Luckily, Talos survives, which is good news because he’s probably my favorite Captain Marvel character when we’re not counting Goose. I very much hope we might glimpse him again in Carol Danvers’ future adventures.
While some of the ways Captain Marvel handled their casting news—especially concerning Jude Law—baffled me, Mendelsohn was the perfect choice to throw us for a loop, and the press around him was perfect for concealing the surprise twist in his role. Why would we expect him to be anything other than the bad guy? Of course Ben Mendelsohn is playing the villain, what else does he do?
As it turns out, he can do quite a lot. The actor embodied menace, humor, and warmth in equal degrees, and he’s convincing even under layers of green makeup and elongated ears.

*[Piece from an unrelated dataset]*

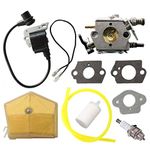 HURI Carburetor Ignition Coil for Husqvarna 51 55 Chainsaw WT-170-1 WT-170 503281504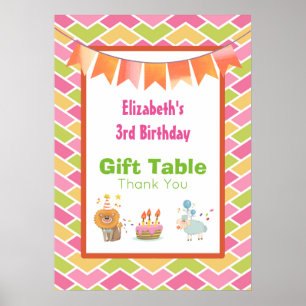 Poster Mesa de Presentes de Birthday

I hope Hollywood was taking note: while Mendelsohn may have the market on villainy cornered, he’s also excellent on the light side of the force. “Typecasting” him as Talos, only to reveal the breadth of his range, was the biggest reveal that Captain Marvel managed to blindside me with. And it was one of Marvel’s most inspired casting accomplishments to date, save for four of Captain Marvel‘s other big names.